# Work required
Reproduce every entry below exactly, minus the pictures.

# Input for this task
- - -
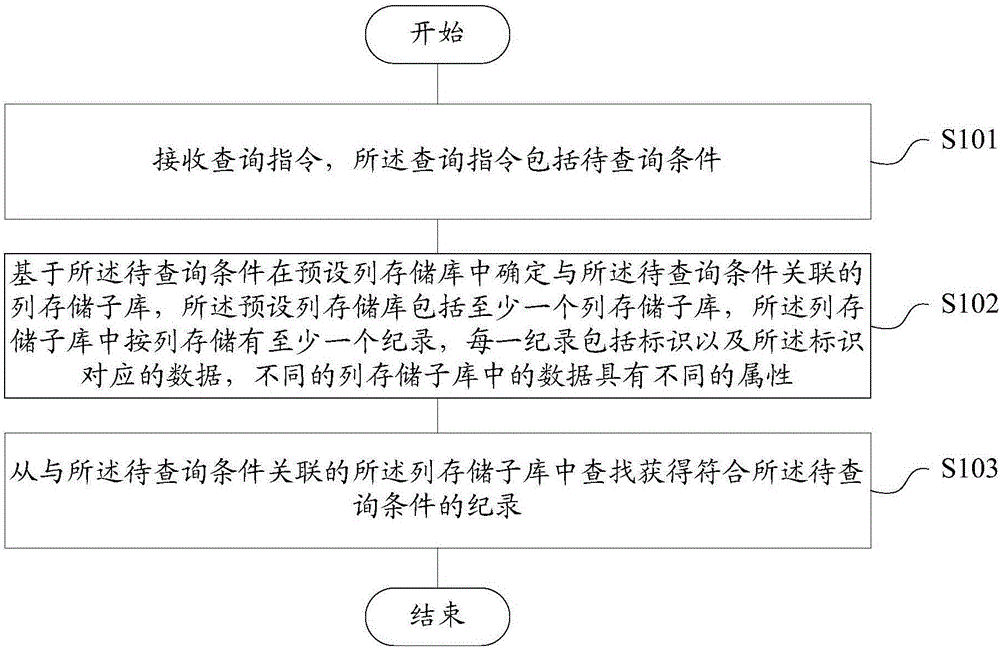 Online analytical processing method and device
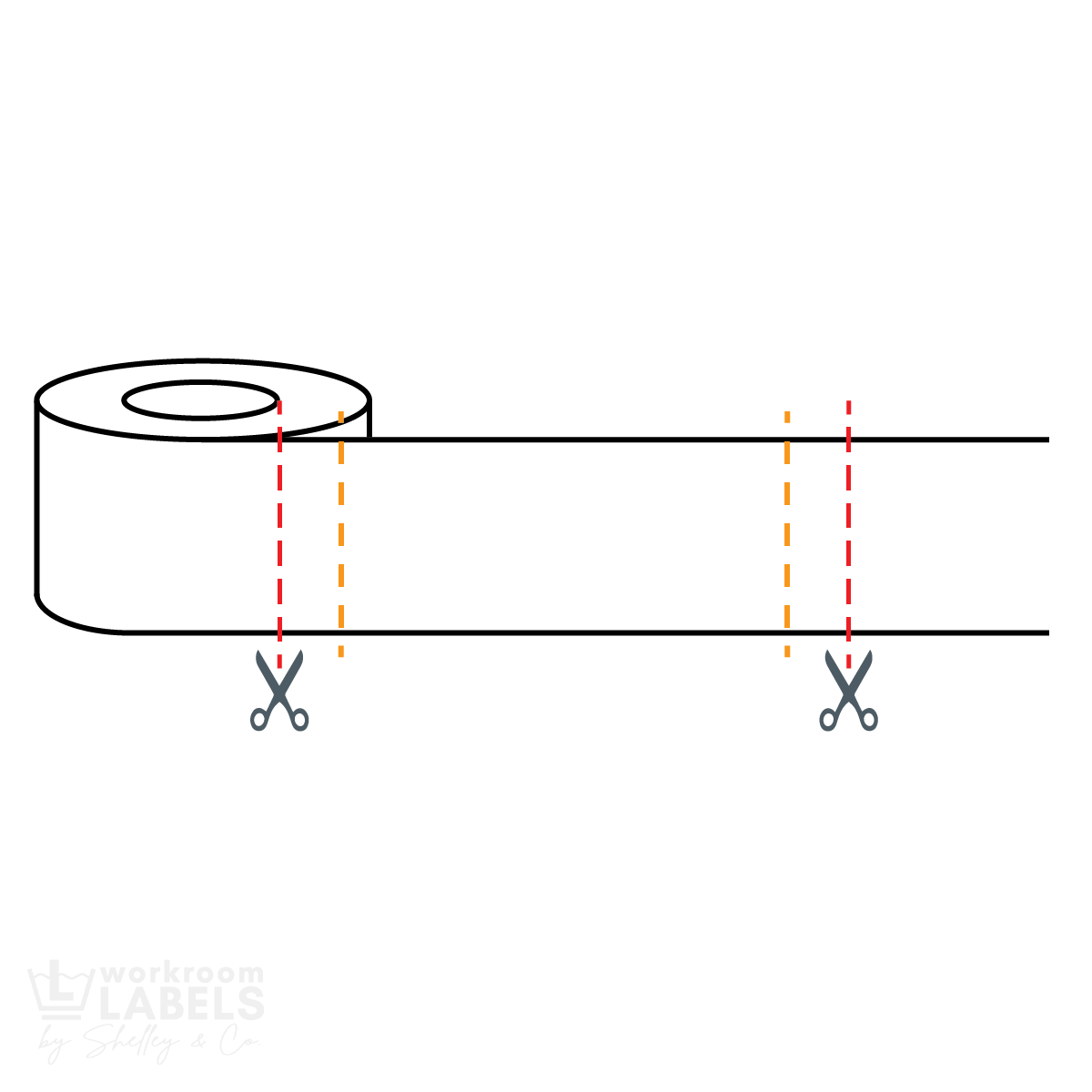 ENDFOLD LABELS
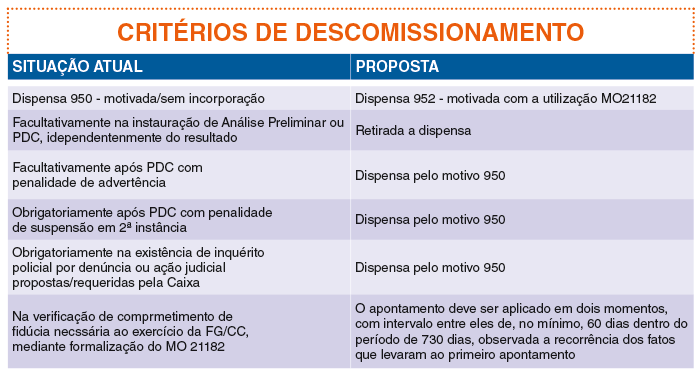 CAIXA: Proposta para RH 184 será apresentada dia 24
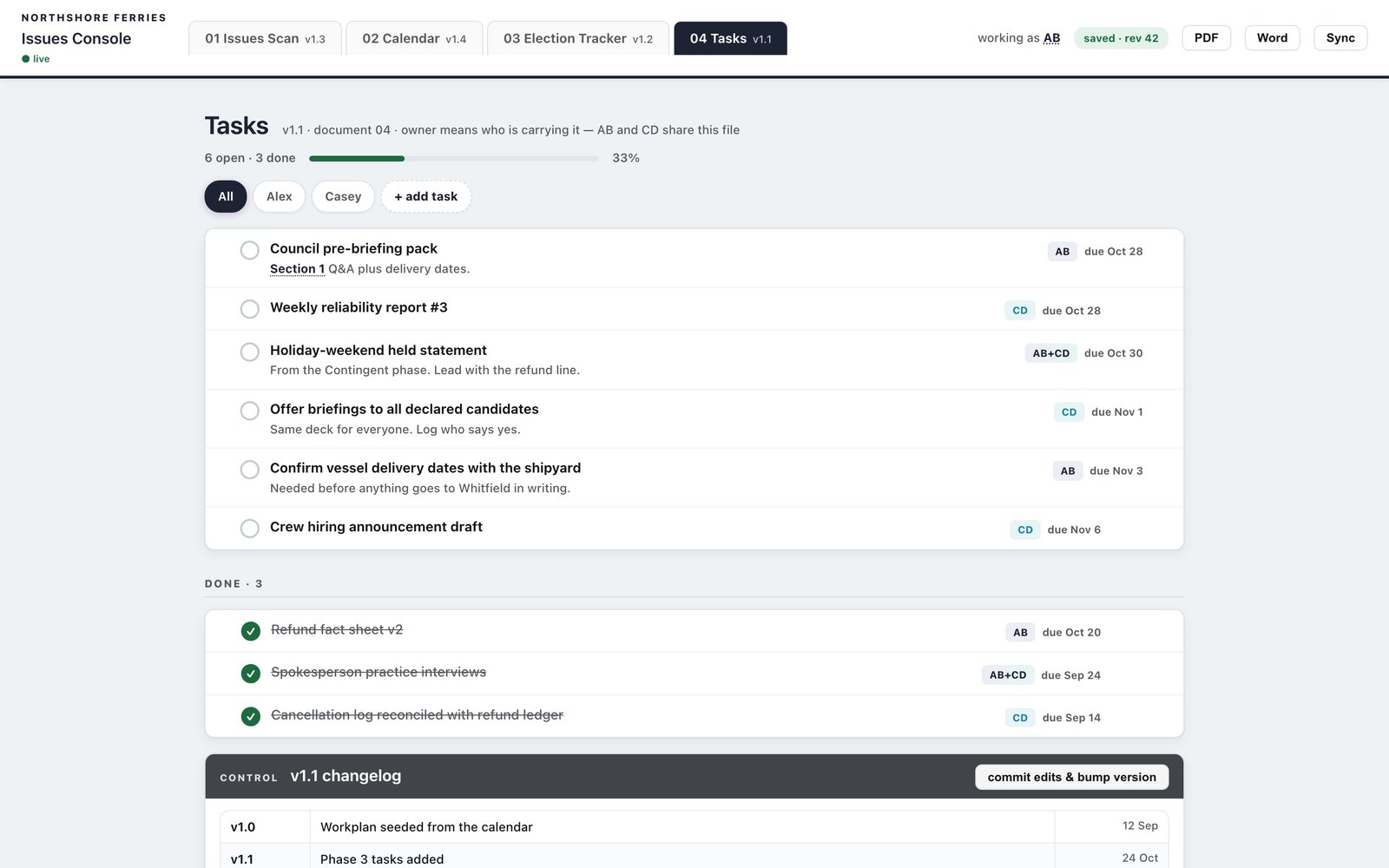 Issues Console tasks tab: open tasks with owners and due dates, a progress bar, and completed tasks struck through.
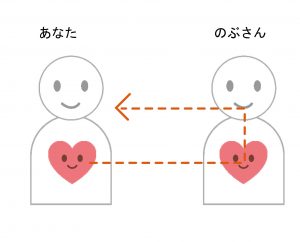 浜松市 心理カウンセラー のぶさんと会話している時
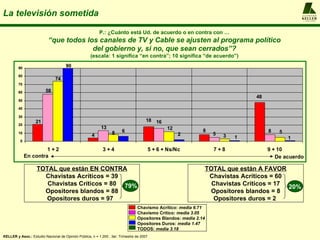 La televisión sometida                                                                                                                           A L F R E D O
                                                                                                                                                 KELLER
                                                                                                                                                 y ASOCIADOS




                                                         P.: ¿Cuánto está Ud. de acuerdo o en contra con …
                           “que todos los canales de TV y Cable se ajusten al programa político
                                        del gobierno y, si no, que sean cerrados”?
                                                    (escala: 1 significa “en contra”; 10 significa “de acuerdo”)

         90                          90
         80
                               74
         70

         60              58
                                                                                                                                48
         50

         40

         30
                   21                                                                 18 16
         20
                                                           13                                    12
                                                                 8     6                                     8                       8   5
         10
                                                     4                                                2            5   3   1                 1
          0

                       1+2                                  3+4                           5 + 6 + Ns/Nc            7+8               9 + 10
              En contra                                                                                                                 De acuerdo

                    TOTAL que están EN CONTRA                                                                    TOTAL que están A FAVOR
                      Chavistas Acríticos = 39                                                                    Chavistas Acríticos = 60
                       Chavistas Críticos = 80 79%                                                                 Chavistas Críticos = 17
                                                                                                                                           20%
                      Opositores blandos = 88                                                                     Opositores blandos = 8
                      Opositores duros = 97                                                                        Opositores duros = 2
                                                                                Chavismo Acrítico: media 6.71
                                                                                Chavismo Crítico: media 3.05
                                                                                Opositores Blandos: media 2.14
                                                                                Opositores Duros: media 1.47
                                                                                TODOS: media 3.18
KELLER y Asoc.: Estudio Nacional de Opinión Pública, n = 1.200 , 3er. Trimestre de 2007
 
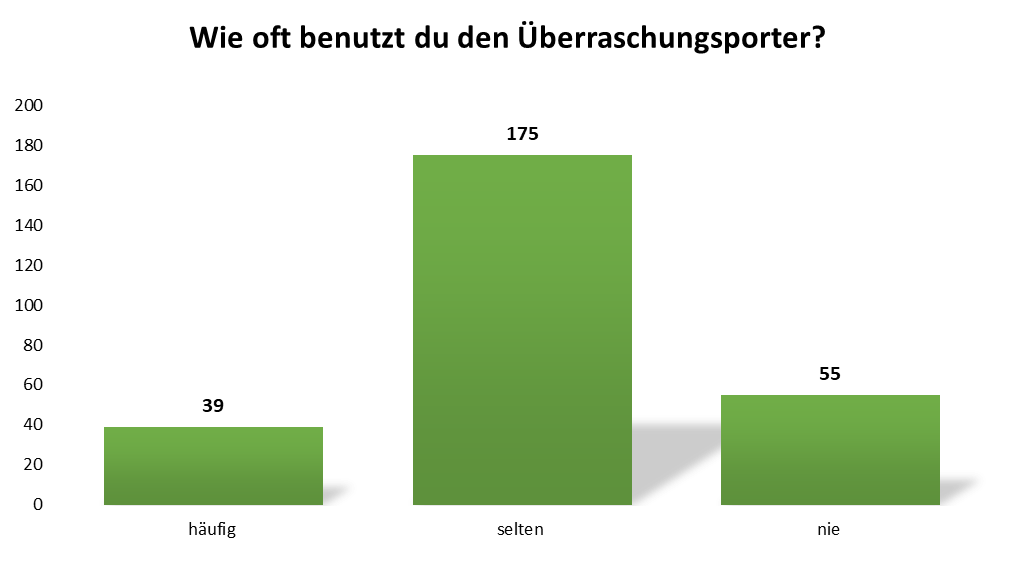 uw_Umfrage_News_99_4.png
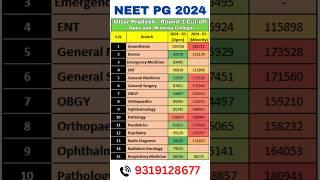 NEET PG 2024 ll Branch Wise Uttar Pradesh Round 3 Cut Off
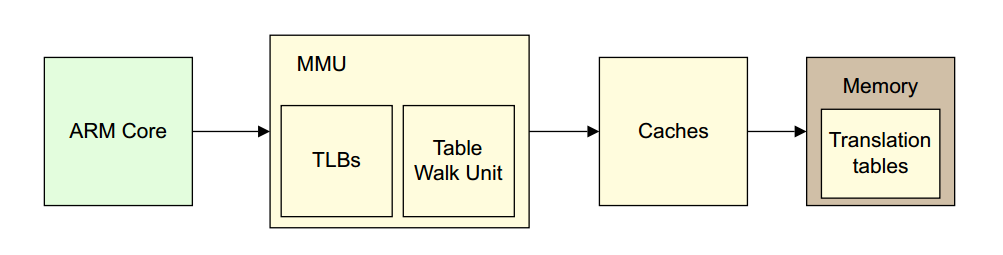 ARMv8 MMU and Linux Page Table Mapping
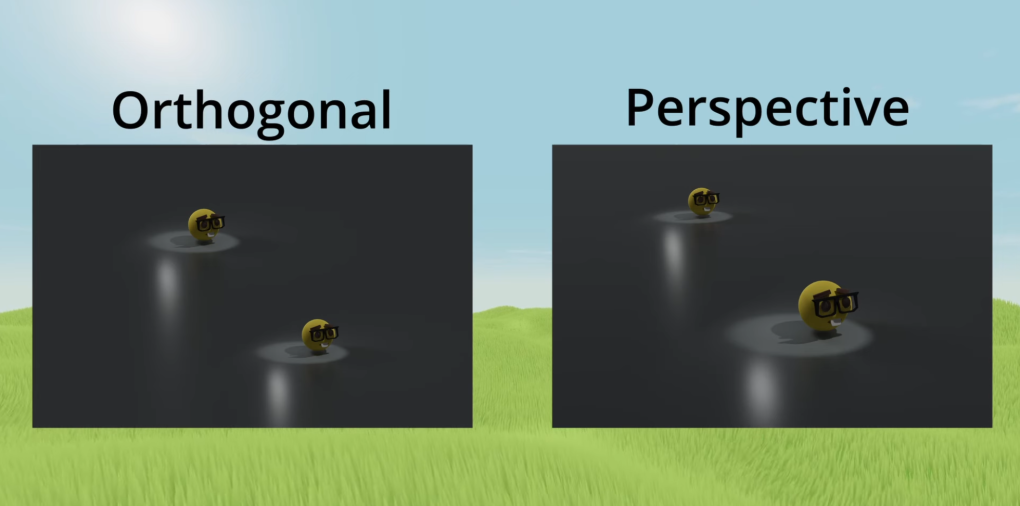 Orthogonal vs perspective comparison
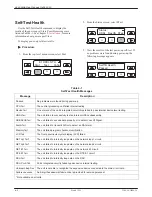 Preview for 66 page of Paradyne ACCULIN 3364 Operator'S Manual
- - -
# Written reply
 Online analytical processing method and device
 ENDFOLD LABELS
 CAIXA: Proposta para RH 184 será apresentada dia 24
 Issues Console tasks tab: open tasks with owners and due dates, a progress bar, and completed tasks struck through.
 浜松市 心理カウンセラー のぶさんと会話している時
 La televisión sometida                                                                                                                           A L F R E D O
                                                                                                                                                 KELLER
                                                                                                                                                 y ASOCIADOS




                                                         P.: ¿Cuánto está Ud. de acuerdo o en contra con …
                           “que todos los canales de TV y Cable se ajusten al programa político
                                        del gobierno y, si no, que sean cerrados”?
                                                    (escala: 1 significa “en contra”; 10 significa “de acuerdo”)

         90                          90
         80
                               74
         70

         60              58
                                                                                                                                48
         50

         40

         30
                   21                                                                 18 16
         20
                                                           13                                    12
                                                                 8     6                                     8                       8   5
         10
                                                     4                                                2            5   3   1                 1
          0

                       1+2                                  3+4                           5 + 6 + Ns/Nc            7+8               9 + 10
              En contra                                                                                                                 De acuerdo

                    TOTAL que están EN CONTRA                                                                    TOTAL que están A FAVOR
                      Chavistas Acríticos = 39                                                                    Chavistas Acríticos = 60
                       Chavistas Críticos = 80 79%                                                                 Chavistas Críticos = 17
                                                                                                                                           20%
                      Opositores blandos = 88                                                                     Opositores blandos = 8
                      Opositores duros = 97                                                                        Opositores duros = 2
                                                                                Chavismo Acrítico: media 6.71
                                                                                Chavismo Crítico: media 3.05
                                                                                Opositores Blandos: media 2.14
                                                                                Opositores Duros: media 1.47
                                                                                TODOS: media 3.18
KELLER y Asoc.: Estudio Nacional de Opinión Pública, n = 1.200 , 3er. Trimestre de 2007
 
 uw_Umfrage_News_99_4.png
 NEET PG 2024 ll Branch Wise Uttar Pradesh Round 3 Cut Off
 ARMv8 MMU and Linux Page Table Mapping
 Orthogonal vs perspective comparison
 Preview for 66 page of Paradyne ACCULIN 3364 Operator'S Manual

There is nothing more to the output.